> I don't know any thing about VM and very little about IP.
> However I can
> share one OSA card with multiple LPARS each with its own IP
> address and
> possibly a VIPA address.  All IP addresses are in the same
> network, and all
> have the same physical MAC address of the OSA card.

Yeah. There's a lot of seriously unusual magic going on to make that
work -- this part is one of the hardest things for network weenies to
grasp: that there can be more than one system with the same physical MAC
*iff* there is a separation of layer 2 MAC frame processing from layer 3
IP processing, and a single entity (your OSA) controls the mapping
between layer 2 and layer 3 address mappings in a consistent way.

ARP and MAC addresses are layer 2 things -- below the IP layer (at layer
3). At layer 2, the MAC address IS unique -- there's only one physical
card with that MAC attached within the collision domain.

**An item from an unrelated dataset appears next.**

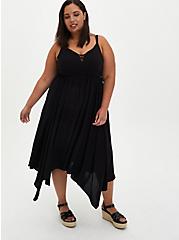 Plus Size Midi Challis Handkerchief Dress, BLACK, hi-res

In the shared environment you mention, the OSA is acting as a "layer
2.75" device -- it's aware of some layer 3 addressing, but is not a full
layer 3 router. The OSA ucode is handling mapping the single layer 2 MAC
to multiple layer 3 addresses (which is why the stacks behind the OSA
don't do ARP processing, because to make all this work, the card has to
do it to keep all the ducks lined up while sharing a single physical
MAC).

If you load the layer 2 microcode, or you're dealing with combinations
of internal and external systems on VLANs, then you have to have unique
MACs, because that OSA ucode mapping magic is no longer active for that
conenction -- you gotta play with the real world scenario, where
everything has to have a unique MAC.